O Congresso Nacional derrubou um dos vetos impostos pelo presidente Jair Bolsonaro (sem partido) ao trecho da Lei Complementar nº 177 que proibia novos contingenciamentos dos recursos do Fundo Nacional de Desenvolvimento Científico e Tecnológico (FNDCT), principal instrumento de fomento à ciência, tecnologia e inovação (CT&I) no Brasil. Nos últimos cinco anos, apenas uma fração dos valores disponíveis no fundo pôde ser executada. O restante era transferido para um fundo de reserva, ficando à disposição do governo para o pagamento da dívida pública e manutenção de superávit fiscal.
Com a derrubada do veto, daqui para a frente os recursos federais reservados para a ciência não poderão ser bloqueados. A notícia foi recebida com alívio pela comunidade científica e por parlamentares. “Esse é um dia histórico para a CT&I brasileira”, disse o senador Izalci Lucas (PSDB-DF), ao divulgar seu voto em sessão remota no Senado Federal na quarta-feira (17/03). “A derrubada do veto fortalecerá nosso sistema de ciência e tecnologia [C&T]. O Brasil precisa investir mais, a prioridade é a vacina contra o coronavírus. Não se faz vacina sem pesquisa, sem tecnologia, sem inovação. E, agora, nós teremos mais recursos para essa área tão importante para o desenvolvimento do país.”

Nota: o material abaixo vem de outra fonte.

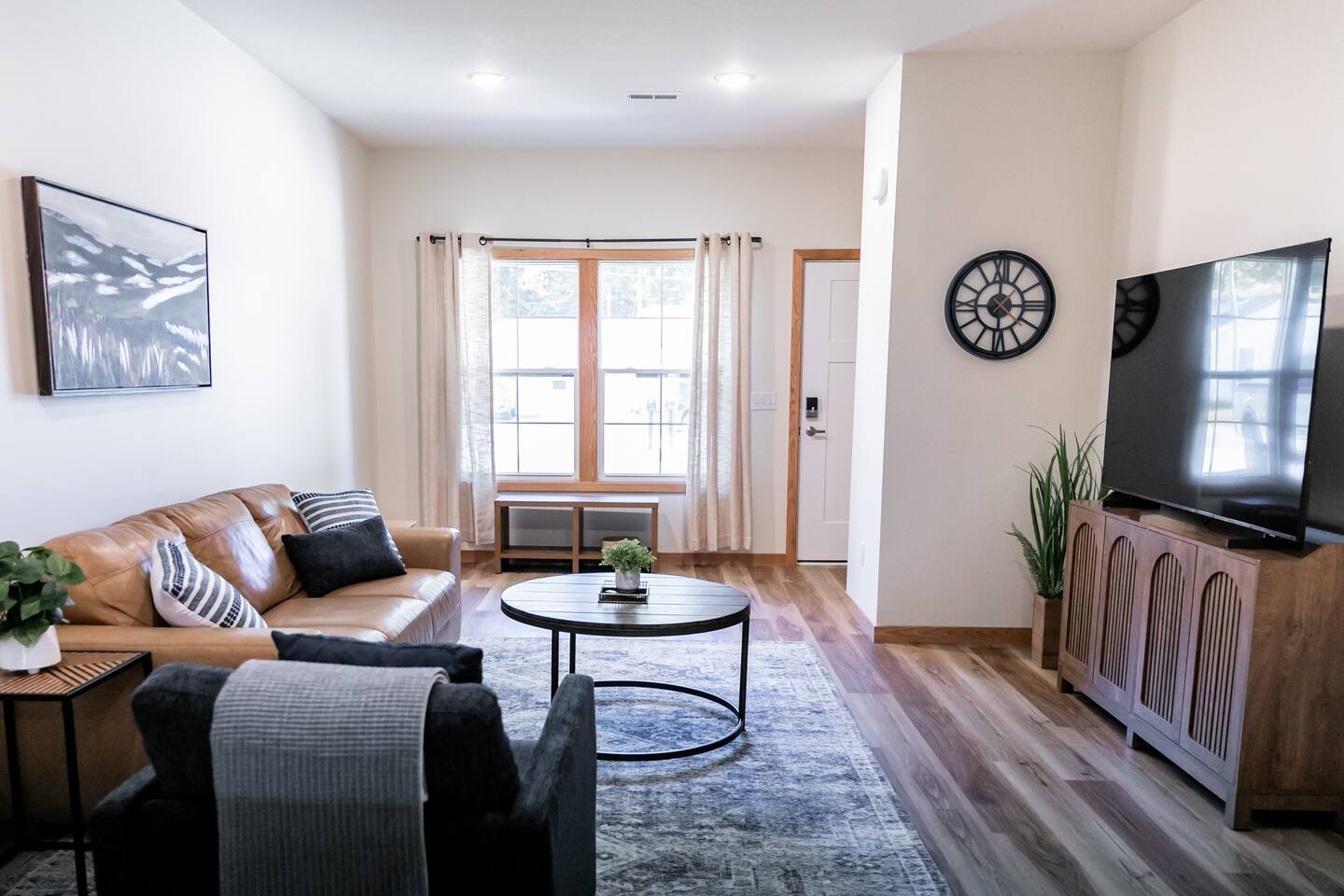 Luxury in Hemlock 2 Beds 2 Baths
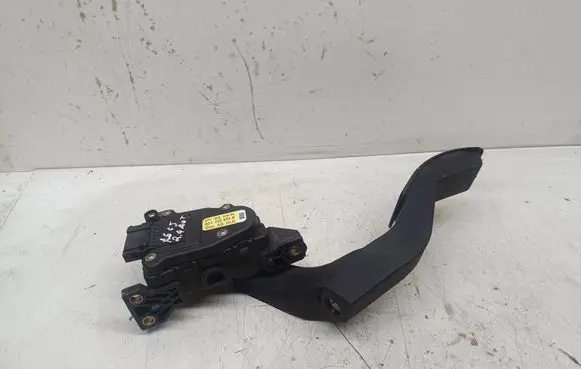 Audi A6 S6 C5 4B Accelerator throttle pedal 8D1723523A 6PV00802606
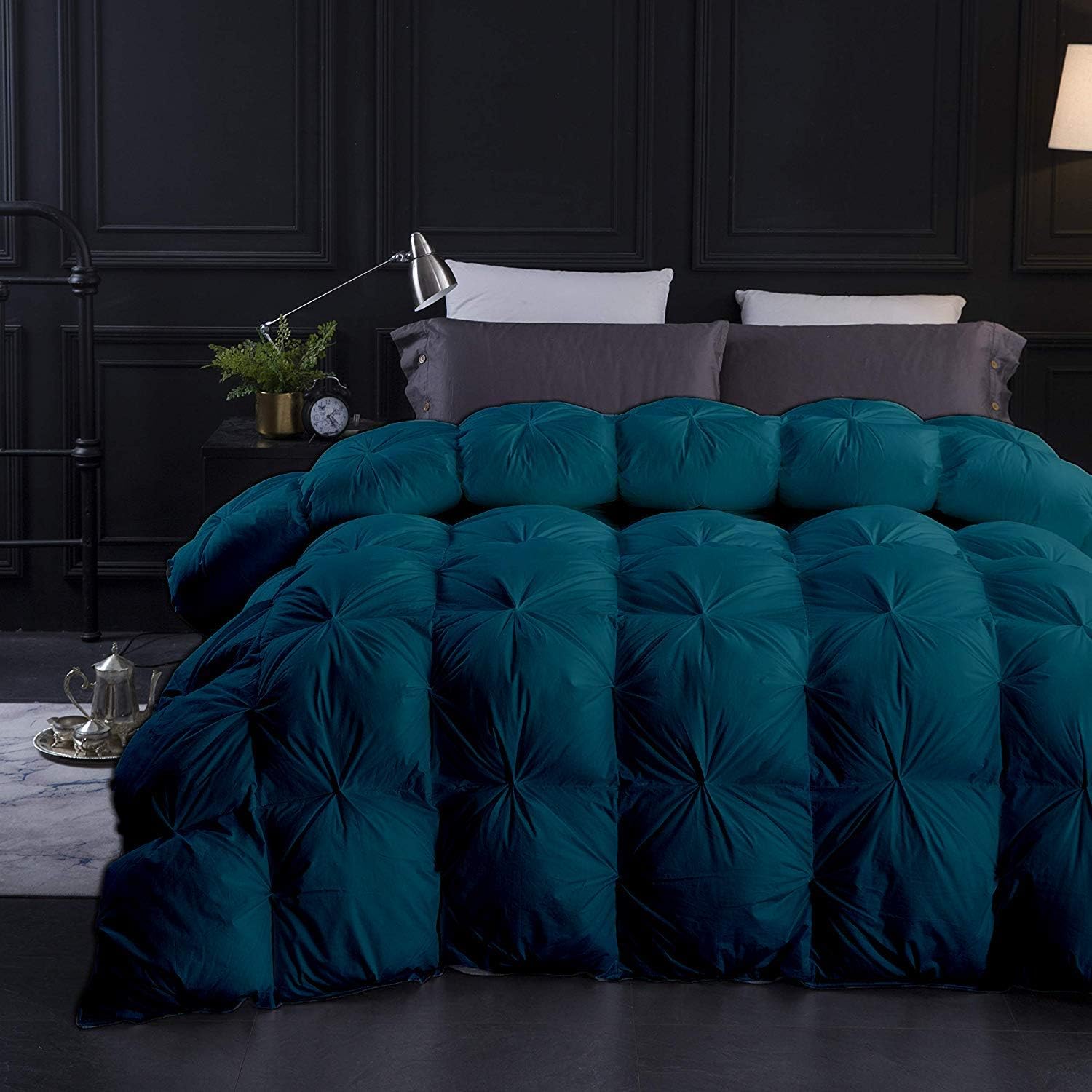 Ultra Soft 1200 Series 5 Piece Teal Green Pinch Pleated Bedding Comforter Set (Comforter + 4 Pillow Cases) 600 GSM Egyptian Cotton Perfect Oversized King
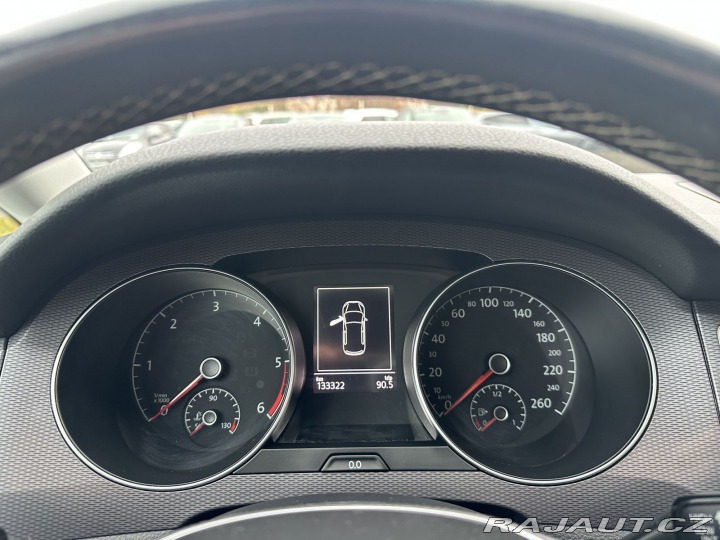 Volkswagen Golf Sportsvan 1,6TDI 81kW LOUNGE TAŽNÉ 2016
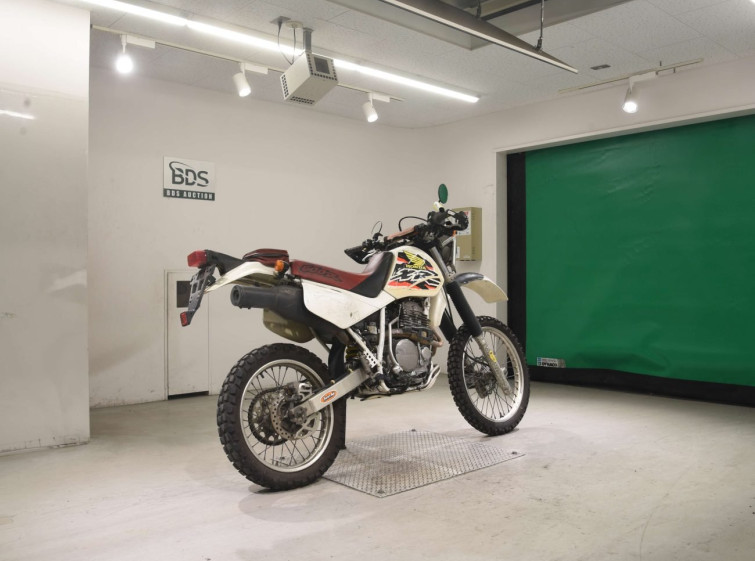Мотоцикл Honda XR600R с пробегом 43155 km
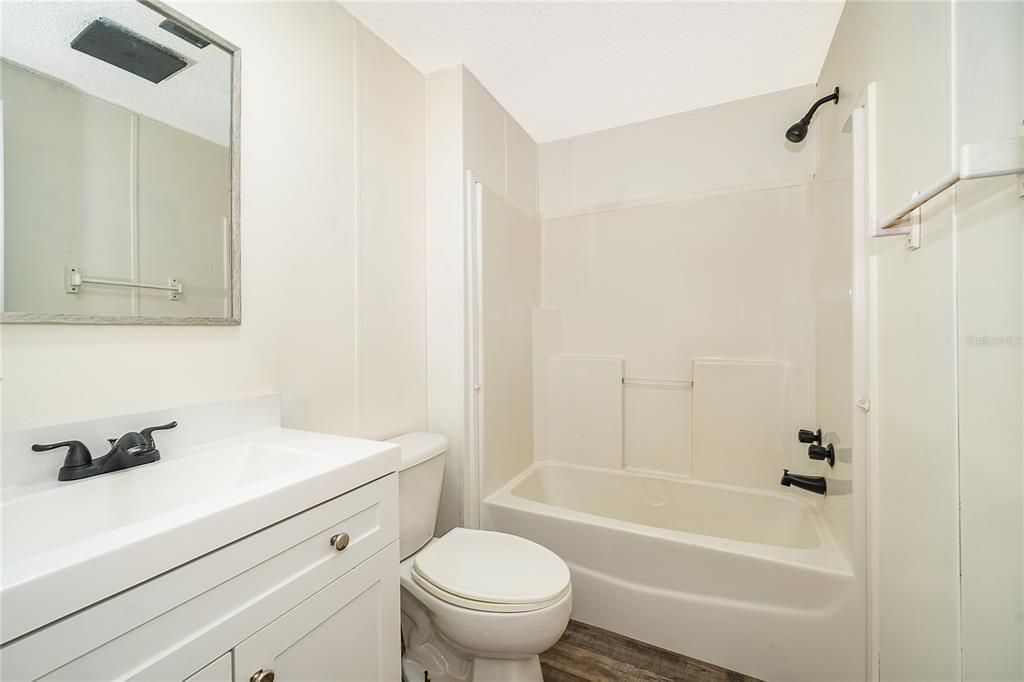 Activo con contrato: $350,000 (4 camas, 3 baños, 2010 Pies cuadrados)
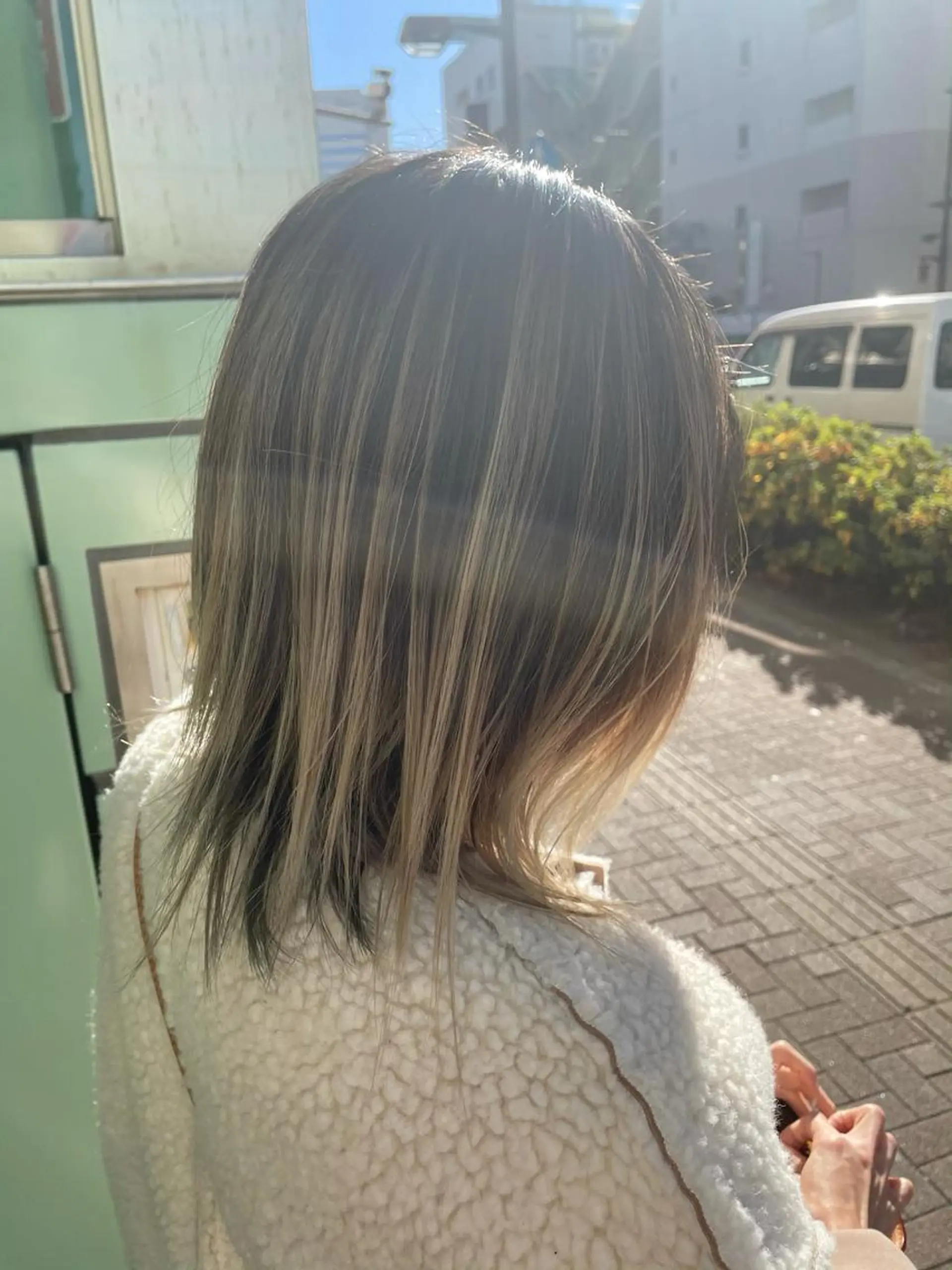 ミディアム カラー バレイヤージュ ベージュカラー ホワイトベージュ レイヤーカット カット ヘアカラー トリートメント La fith 店長 城谷颯人のヘアスタイル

A manobra foi sacramentada após acordo entre o colégio de líderes partidários e o governo federal, no âmbito do qual se decidiu pela derrubada do primeiro veto e a manutenção de um segundo, que impedia a liberação de R$ 4,2 bilhões bloqueados em 2020. Foram 71 votos pela derrubada do veto no Senado e 385 na Câmara dos Deputados. Ao todo, o sistema de C&T brasileiro deverá contar já neste ano com aproximadamente R$ 6 bilhões, sendo que R$ 2,3 bilhões poderão ser usados em operações de crédito e investimentos não reembolsáveis a empresas, instituições científicas e tecnológicas nacionais, públicas ou privadas, para a execução de projetos de desenvolvimento científico e tecnológico, aprimoramento de infraestrutura de pesquisa e formação de recursos humanos.
“Esse é um resultado extremamente importante para a comunidade científica, após vários meses de luta pela preservação do FNDCT. O Senado e a Câmara reafirmaram seu compromisso com a CT&I, o que já haviam feito no ano passado, quando aprovaram o projeto que deu origem à Lei Complementar nº 177 nas duas casas quase por aclamação”, destaca o físico Ildeu de Castro Moreira, presidente da Sociedade Brasileira para o Progresso da Ciência (SBPC). “É importante agora ficar atento para que o governo não se valha de outros expedientes para impedir a liberação desses recursos, fundamentais nesse momento de pandemia.”
Bolsonaro vetou os dois trechos da lei em fins de janeiro ao sancionar o Projeto de Lei Complementar nº 135/20, que estabelecia mudanças no FNDCT. Aprovado no ano passado por ampla maioria na Câmara e no Senado, o projeto, de autoria do senador Lucas, transformou o FNDCT em um fundo financeiro cumulativo – o fundo hoje recebe receitas de diferentes setores da economia, mas tem natureza apenas contábil. Com a mudança, seus valores poderão ser alocados em fundos de investimento, gerando rendimentos que deverão ser usados no financiamento de atividades de CT&I. Outra novidade diz respeito ao reaproveitamento de saldos anuais não usados para reinvestimento, de modo que os recursos se acumulem ao longo dos anos – os valores não desembolsados hoje voltam para a União.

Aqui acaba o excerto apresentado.